By Rosaleen Dickson, BA, MJ
Dear Great Granny.

My parents are totally besotted with their grandson of 3 and his mother. It is as if I am not included in the family anymore. Since parting from his mother a year ago, my parents do not seem interested in anything that is going on in my life only that of their grandson and his mother. This is quite a surprise as when we were together, they did not think that highly of her! Whilst the welfare of my son is the most important thing to all of us I think that my parents have lost a son and gained a grandson.

All the values that I was taught as a child with my sister are not instilled by my parents with their grandson. Quite the opposite. The upbringing that we had is completely different with how they are treating and bringing up my son. Is it quite normal for grandparents to be this extreme?

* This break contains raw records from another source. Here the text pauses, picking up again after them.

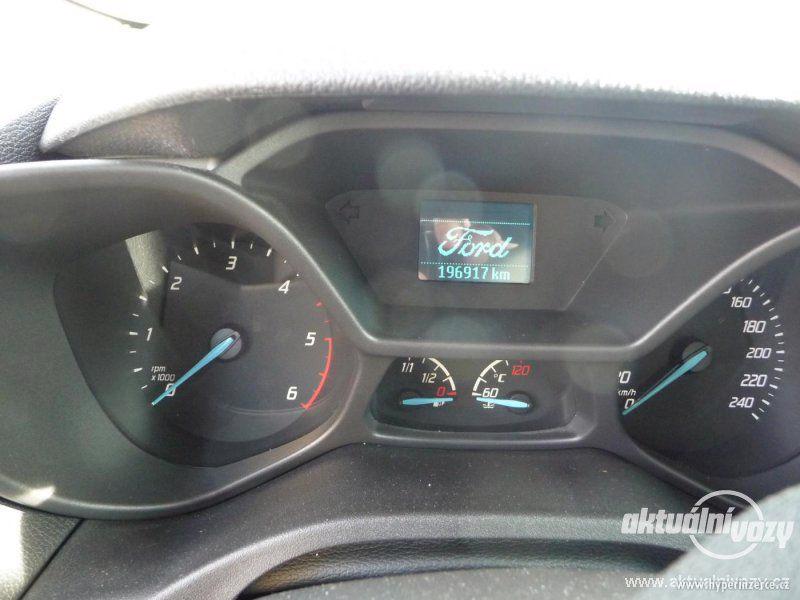 Ford Tourneo Connect 1.6, nafta, rok 2014 - foto 7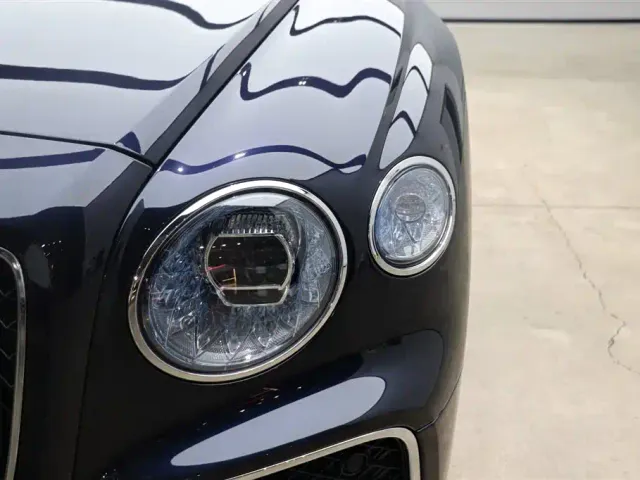 Bentley Flying Spur — Фото автомобиля 24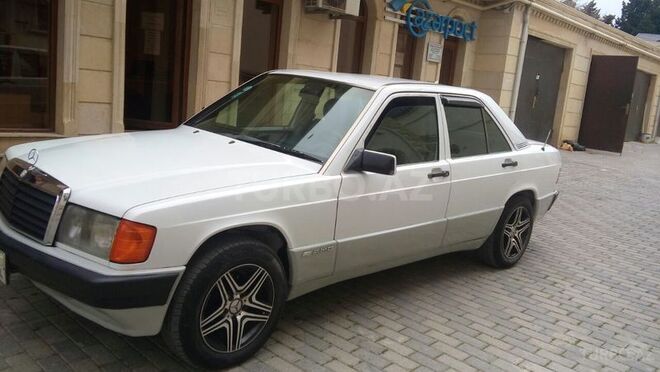 Mercedes 190 1991, 237 km - 2.3 l - Bakı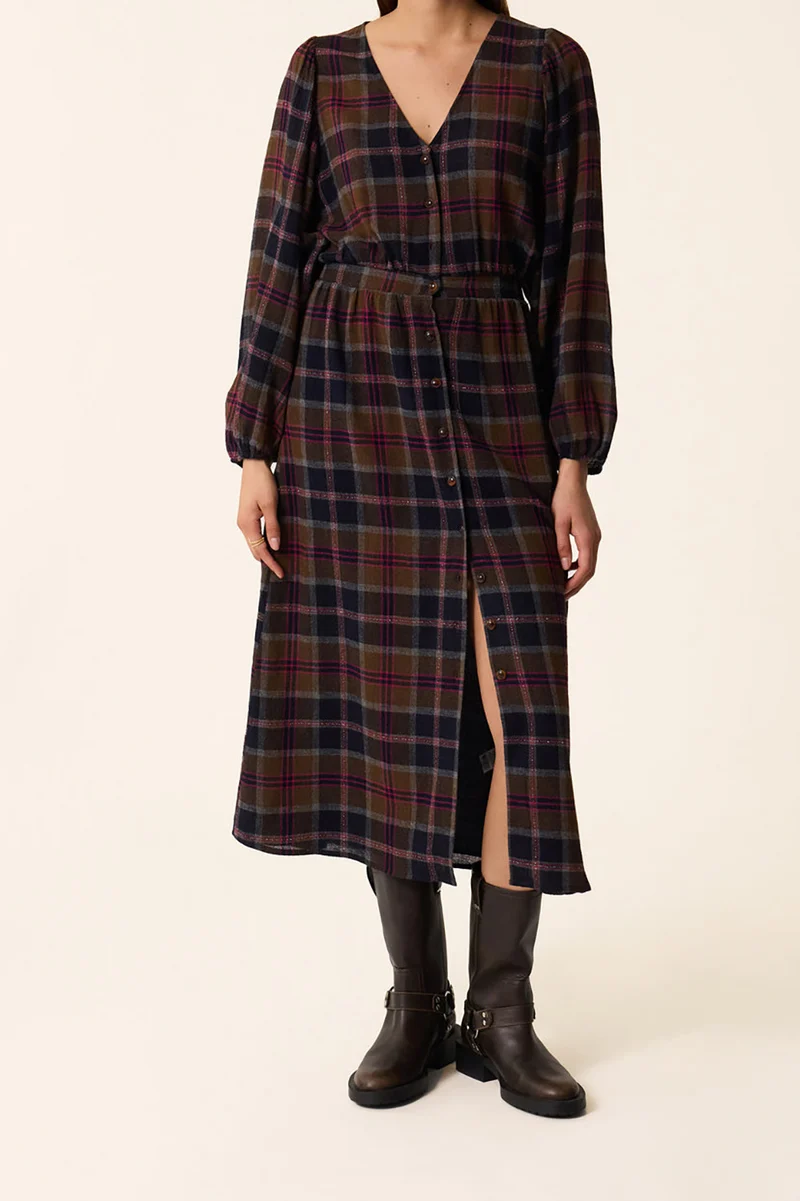 Robe Tomeo Boma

I eagerly await your reply.

Dear Eager Awaiting,

Nothing is "normal" when it comes to grandparents; read some of the other letters in this collection and you'll get an idea of what I mean. And raising children is never the same from one generation to the next, never. It is not even the same from one child to the next in the same family, believe me. Values don't change, but the world does, and how we interpret our values adapts.

When you have a grandson whom you love, you will not consider yourself to be besotted, but right now, because you are so jealous of your parents' affection for your son, you consider their behaviour to be somehow abnormal. I assure it, falling overboard for one's grandchildren is very normal among many people. In my own case, I relate more closely with my own children whom I know so intimitely, than with theirs, who have been raised outside my own home, but then each case is different, isn't it.

In the case of your parents, they may have found a depth of relationship with that little baby that they were not prepared to develop with their own children. Or, perhaps, they have felt special compassion for him because his own parents are not together. Or, perhaps that little boy fills an empty spot in their lives, since their own children have grown beyond their control.

There are dozens of possible reasons why they idolize that child, but the reason doesn't matter. Since your son is going to grow up with so much attention from his grandparents, he could be facing problems all his life, but that's for him to work through, when he gets old enough to run his own life.

Meanwhile, since you're obviously an adult and have been ordering your own life for a while now, there is no reason for you to concern yourself with the relationships between other members of your family. Think of how miserable you would be if your parents had decided to reject your child and have nothing to do with him.

It's usual for each of the parties in a separation to want all their friends to take their own side, against the adversary. And I'm sure you expected your parents to "side" with you against your baby's mother, but if they are going to maintain a decent relationship with their grandson, it has seemed logical to them to include his mother.

Don't fight it. Try to see the logic there. And try to understand how it will work for the best advantage of your son. If there was a constant feeling of alienation between your parents and the mother of their grandson, everyone would lose. As it is, you feel that you are the only loser, but it doesn't have to be that way.

They haven't stopped loving you; it just seems that way. There aren't many ways to show affection to a grown son, while there are a thousand ways to show it towards a three-year-old. I wonder if you have gone out of your way to show love and affection towards your parents recently; or are you so engulfed in jealousy that you've forgotten that it's a two way street?

Get out of your gloomy mood. Start to rejoice in the great rapport between your parents, your son, AND his mother. Don't just sit there and glower. Get busy on other matters and schedule your time to include something special for your parents from time to time. I'm afraid you are acting like a child in this matter. Be an adult and take things into your own hands.

Whatever made you leave your baby's mother is of no concern to your parents. It's a private matter which doesn't have to cut her off from all happiness in the family forever. And you have to accept the fact that this IS her family, as well as yours. That was determined when you and she produced another member for this family. Everyone is in this together. Try to be happy for them.

Writing down your feelings on this matter was an excellent idea. Getting it all sorted out in your mind is half way to a solution. Now all you have to do is make a plan. In no uncertain terms provide ample proof to your parents that you still love and respect them, and enjoy their company, as an individual, not only as the father of their beloved grandson. Show them the values by which they raised you.

Take charge....And get on with your life.